Besides the recent outstanding pitching, Kalal said he was encouraged by many players who could be key new varsity contributors next spring. Sophomore-to-be designated hitter Anthony Santos batted cleanup and hit around a team-best .600 this summer and led in RBIs. Junior Paparone established himself in the outfield and No. 5 spot in the order. Second baseman Toomey received even more action as Rzeszutko was still recovering last month from a separated shoulder in the high-school season.

With so many other baseball and sports commitments, regionals marked the first time during the summer where the Dukes consistently had their best lineup.

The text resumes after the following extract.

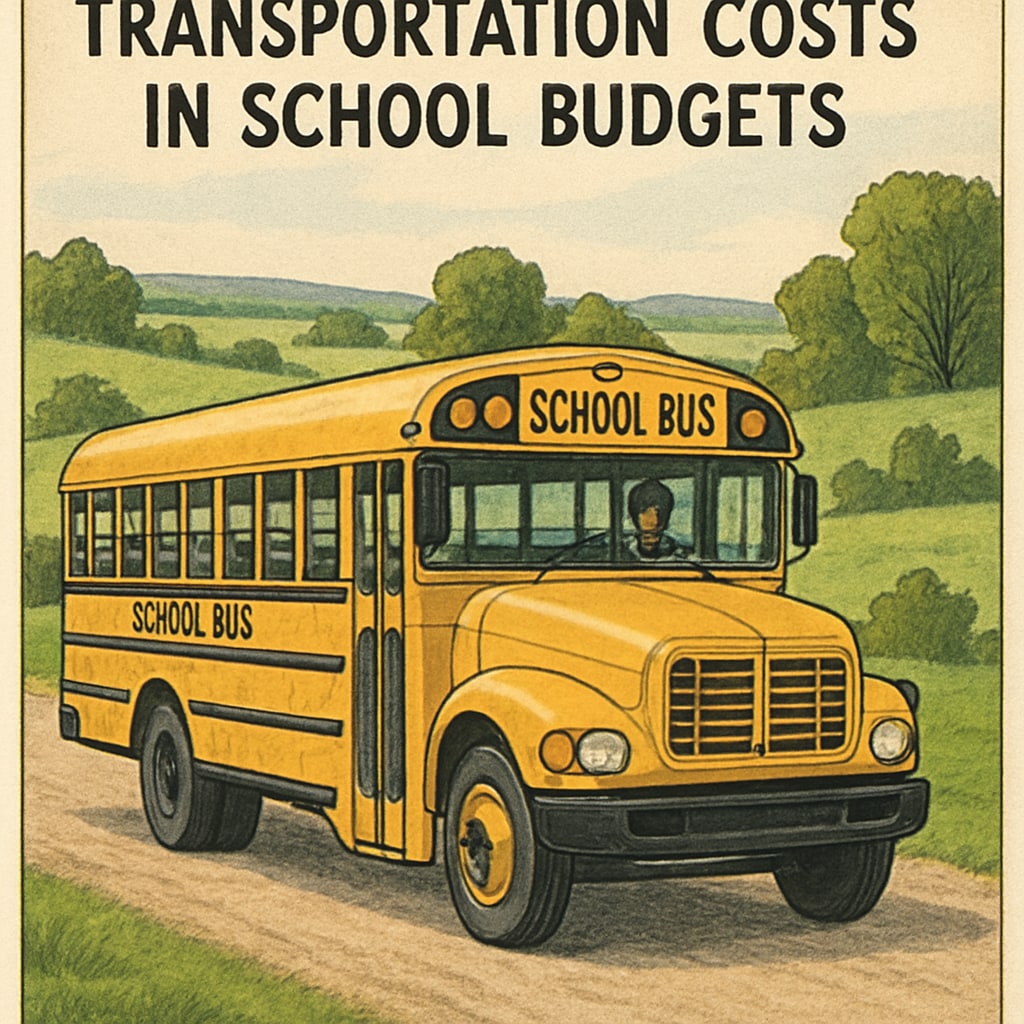 A yellow school bus driving through a rural area, representing transportation costs in school budgets. A yellow school bus highlighting transportation costs in school budgets.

“Because so many kids go so many directions in the summer, we play a lot of kids,” Kalal said. “You see a lot of your younger kids and what they can and cannot do. And they grew up a lot.”

York’s returning varsity pitchers combined for about 70 innings and 30 appearances in 2011, a significantly higher total than the 28 innings they had returning going into this past season.

Another key returnee will be Kalal. Throughout the spring season, his position as a physical education teacher and coach at York was in jeopardy, but in late June he officially was retained for his third year at the high school. Kalal also has been the Dukes’ head varsity baseball coach those past two years.

“It was very humbling this spring, everything that happened with the support from the community and kids on the team and kids that graduated last year so it was nice to see,” Kalal said. “I’m happy to be back.”

For Class 3A St. Joseph, winning summer regionals is the biggest accomplishment for its program. The Chargers defeated 2011 Class 4A state champion and No. 2-seed Lyons Township 3-2 Wednesday after edging De La Salle 7-6 Tuesday with a dramatic three-run seventh.

In 2010, it was the Chargers’ turn to lose in the summer regional final, 10-0 to Nazareth, which went on to win the state tournament and took fourth in 3A this past spring.

“Again, it’ll be our senior leadership, our pitching and defense that’s going to have to carry us and I think we proved this week we can do that next spring,” Kalal said.